Nuclear astrophysics studies have shown that elements, including those heavier than carbon, form in stars. But the first stars born shortly after the Big Bang did not contain the heavy elements that astronomers call “metals.” The next generation of stars contained only a small amount of the heavy elements that the first stars formed. To understand the universe in its infancy, researchers need to study these metal-poor stars.
Fortunately, these metal-poor second-generation stars are observed in our Milky Way galaxy and have been studied by a team affiliated with the Kavli Institute for Physics and Mathematics (Kavli IPMU) to approximate the physical properties of the first stars. Universe.
The team led by Kavli IPMU Visiting Scientist and University of Tokyo Institute of Intelligence Physics Associate Professor Tilman Hartwig, Japan National Astronomical Observatory Visiting Scientist and Associate Professor Miho Ishigaki, University of Hertfordshire Visiting Senior Scientist and University of Hertfordshire Professor Chiaki Kobayashi, Japan National Astronomical Observatory Guest Humane Professor Nozomu Tominaga and University of Tokyo Visiting Senior Scientist and Professor Emeritus Kenichi Nomoto used artificial intelligence to analyze the element abundances in more than 450 stars with extremely low metal abundances observed to date.
Based on a newly developed supervised machine learning algorithm trained on theoretical models of supernova nucleosynthesis, they found that 68% of the extremely metal-poor stars observed had a chemical signature consistent with enrichment from several previous supernovae.
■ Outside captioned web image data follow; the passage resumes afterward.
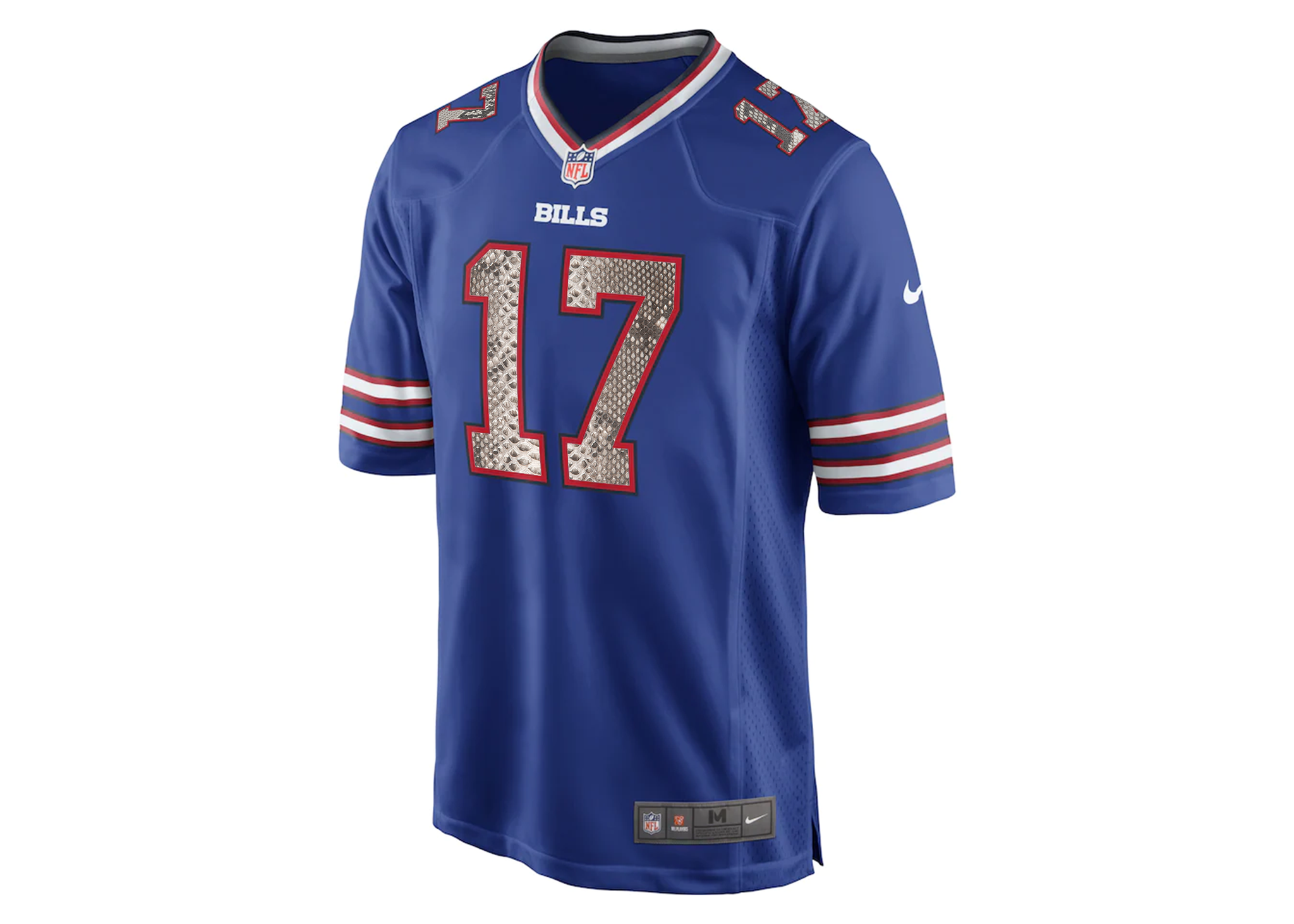 Custom Josh Allen Buffalo Bills Nike Python Jersey (Blue)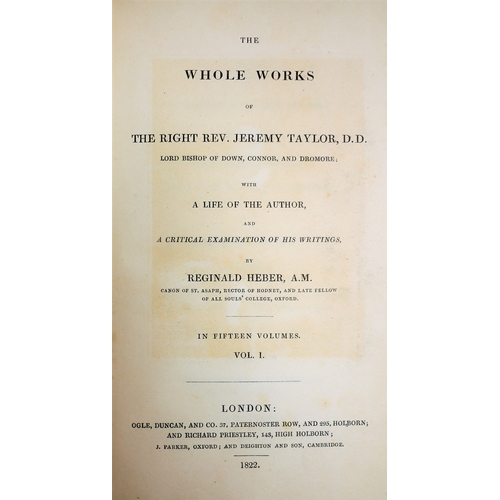 232 - Binding.- Taylour (Rev. J.) , Whole Works, 15 vol., fine crushed black morocco, ruled in gilt, 8vo, ... 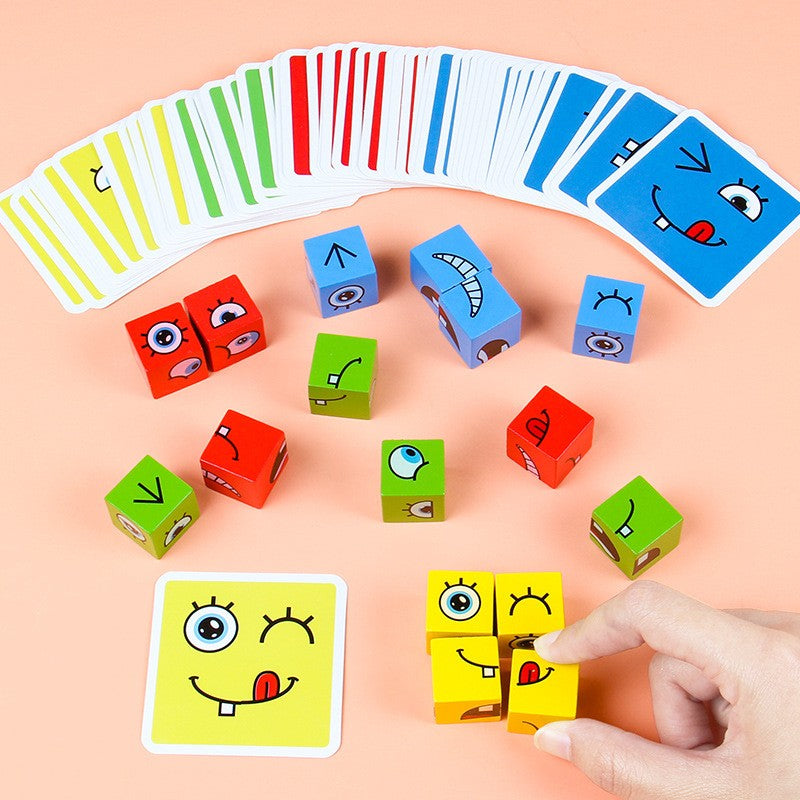 Jucarie Montessori Tip Puzzle Cub Din Lemn, Joc Educativ De Potrivire Expresii Faciale, 16 Cuburi Cu 64 Cartonase, Include Clepsidra Si Clopotel, Multicolor, +3 Ani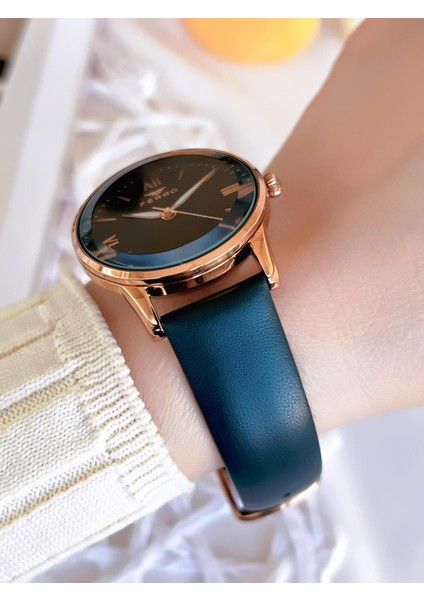 Deri Kordonlu Kararma Renk Atmaz 30 Metre Suya Dayanıklı Özel Tasarım Kadın Kol Saati 21182B-T modelleri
The team’s results provide the first quantitative constraint based on observations of the abundance of early stars.
“Until now, the abundance of the first stars was estimated only by numerical simulations, and until now there was no way to test the theoretical prediction observationally,” said lead author Hartwig. “Our results suggest that many of the first stars formed in small clusters, so that large numbers of supernovae could contribute to metal enrichment of the early interstellar medium,” he said.
“Our new algorithm provides an excellent tool for interpreting the big data we will gain from current and future astronomical research around the world over the next decade,” said Kobayashi, who is also a Leverhulme scientist.
“Currently, available data on ancient stars is the tip of the iceberg around the Sun. The Prime Focus Spectrograph, an advanced multi-object spectrograph on the Subaru Telescope developed by the international community led by Kavli IPMU, is based on the ancient Milky Way’s outer regions far beyond the solar neighborhood. It’s the best tool for detecting stars.” said Ishigaki.
The new algorithm invented in this work opens the door to making the most of the various chemical signatures in metal-poor stars detected by the Prime Focus spectrograph.
“The early stellar theory tells us that the first stars must have been more massive than the Sun. The natural expectation was that the first star would have been born in a gas cloud with a mass of one million times the Sun. But our new discovery is that the first stars were not born individually, but rather a cluster of stars. “It also means that we can expect gravitational waves from the first binary stars shortly after the Big Bang that can be detected by future missions in space or to the Moon.” said.